Shift-Invariant Attribute Scoring for Kolmogorov-Arnold Networks via Shapley Value
Wangxuan Fan, Ching Wang, Siqi Li, Nan Liu
TL;DR
The paper tackles interpretability and pruning in Kolmogorov–Arnold Networks (KANs), where standard magnitude-based pruning is unreliable under covariate shift. It introduces ShapKAN, a Shapley-value–based pruning framework that treats layer neurons as cooperative-game players and uses permutation sampling with antithetic variance reduction to efficiently approximate neuron attributions, applied in a bottom-up, multi-layer manner.
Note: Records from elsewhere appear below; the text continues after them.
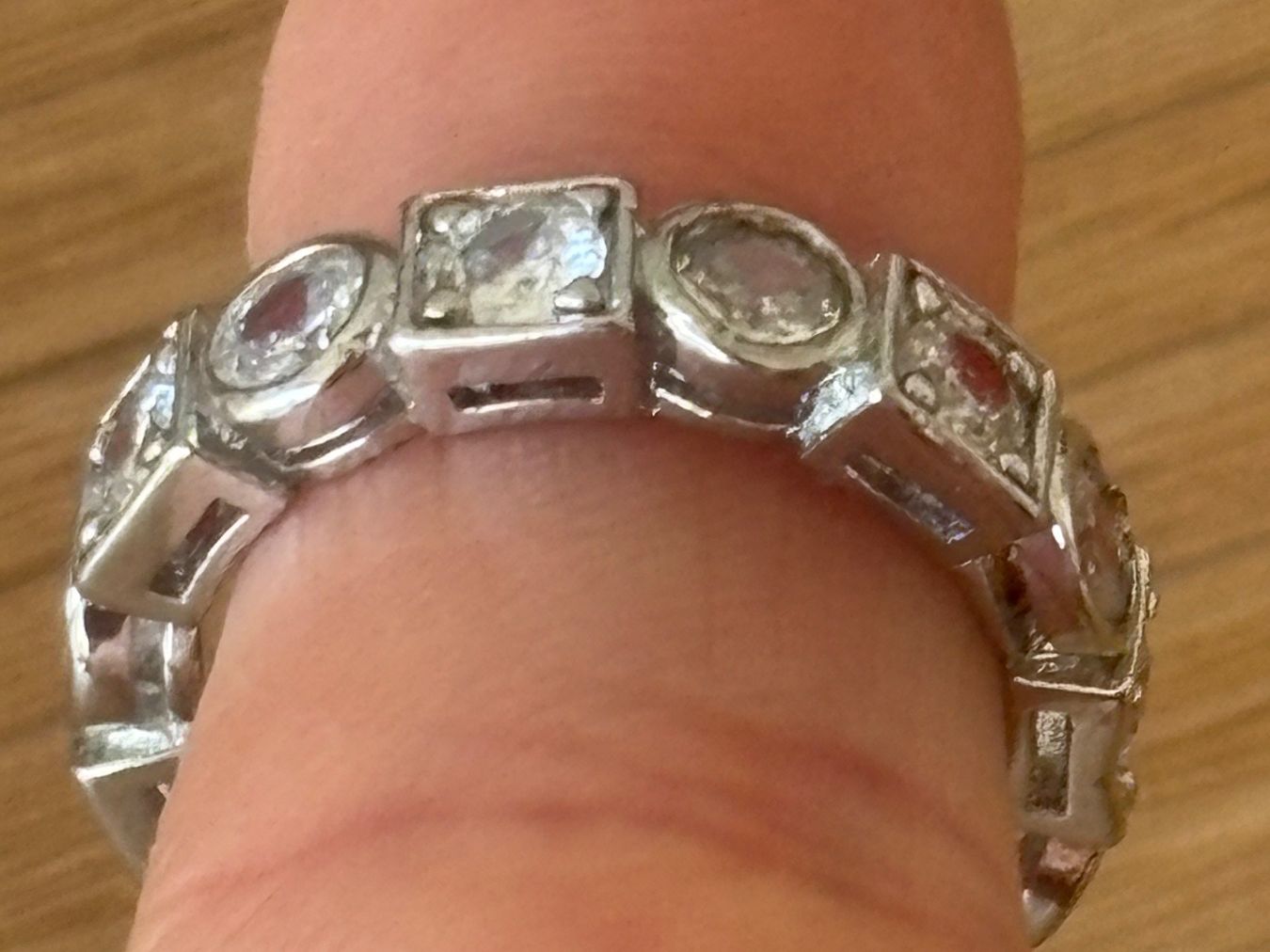 Anelli: Luxus Elegante Gr.18:8 Ring  Memoire Silberfarben – Nuovo (secondo la descrizione) da Biel-Bienne venduto da Roserosse13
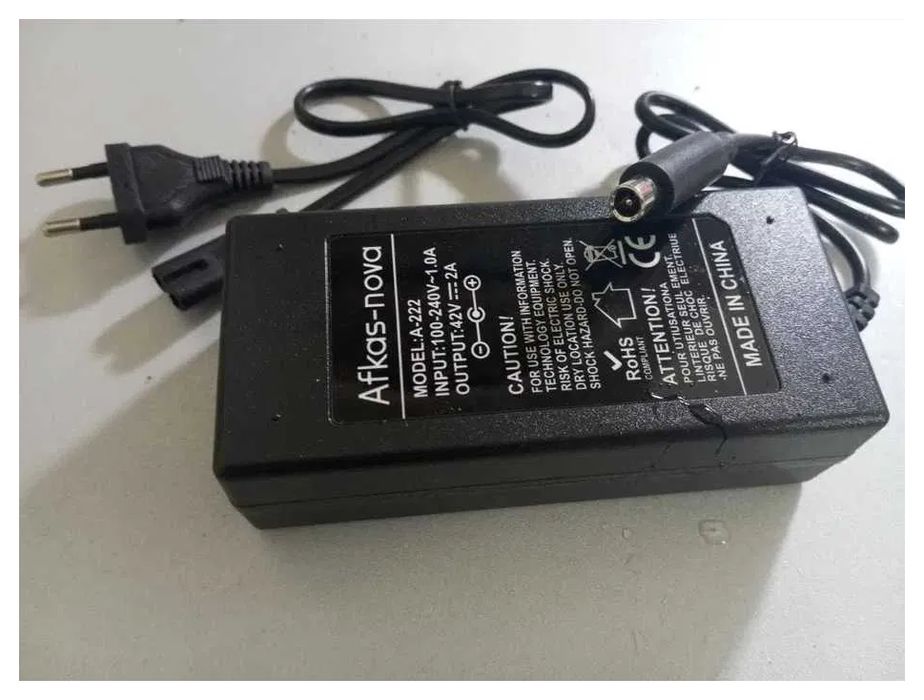 качественная зарядка на самокат 42v 2A и 3А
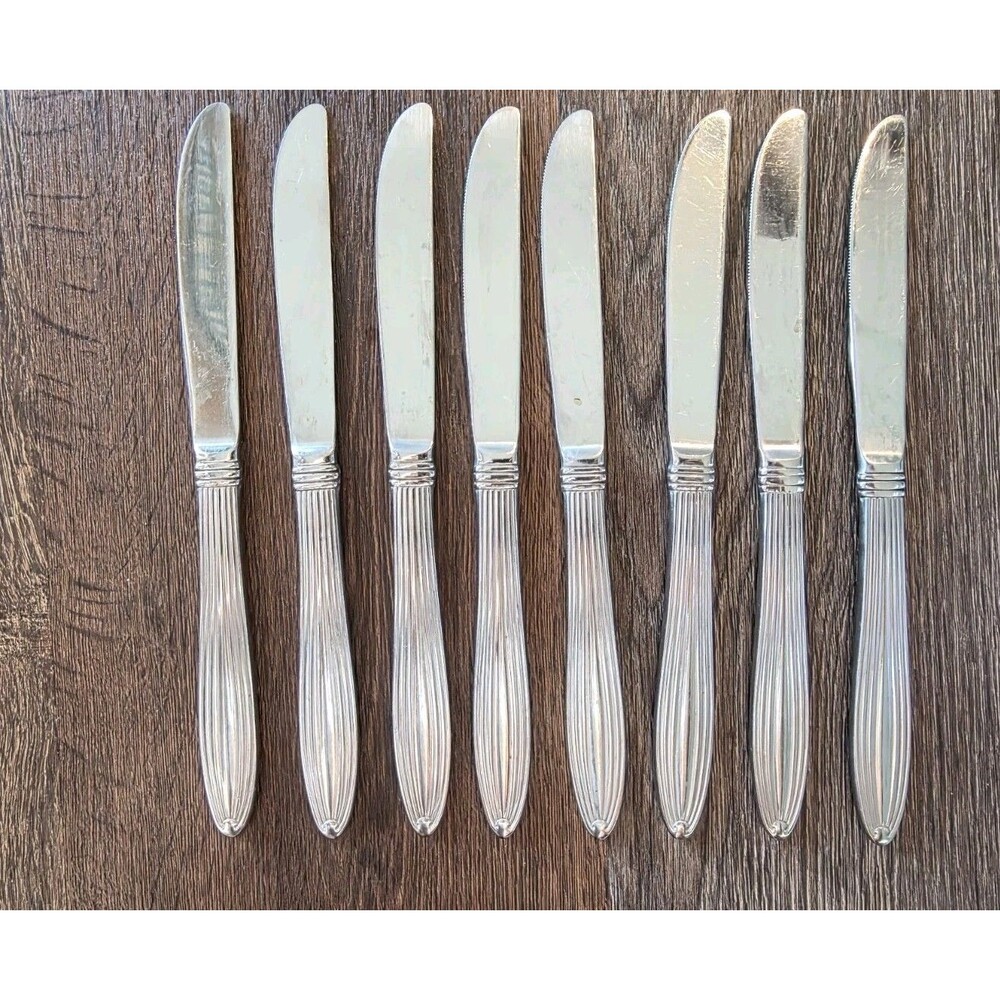 Reed & Barton 8/10 Stainless Jubilee 8 Dinner Knives Knife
Across synthetic and real-world datasets, ShapKAN yields shift-invariant attributions, preserves ground-truth symbolic structure under covariate shift, and enables more effective compression while maintaining generalization. This approach enhances interpretability and enables deployment of KANs in resource-constrained settings, while remaining compatible with advanced KAN variants like MultKAN 2.0.
Abstract
For many real-world applications, understanding feature-outcome relationships is as crucial as achieving high predictive accuracy. While traditional neural networks excel at prediction, their black-box nature obscures underlying functional relationships. Kolmogorov--Arnold Networks (KANs) address this by employing learnable spline-based activation functions on edges, enabling recovery of symbolic representations while maintaining competitive performance. However, KAN's architecture presents unique challenges for network pruning. Conventional magnitude-based methods become unreliable due to sensitivity to input coordinate shifts. We propose \textbf{ShapKAN}, a pruning framework using Shapley value attribution to assess node importance in a shift-invariant manner. Unlike magnitude-based approaches, ShapKAN quantifies each node's actual contribution, ensuring consistent importance rankings regardless of input parameterization. Extensive experiments on synthetic and real-world datasets demonstrate that ShapKAN preserves true node importance while enabling effective network compression. Our approach improves KAN's interpretability advantages, facilitating deployment in resource-constrained environments.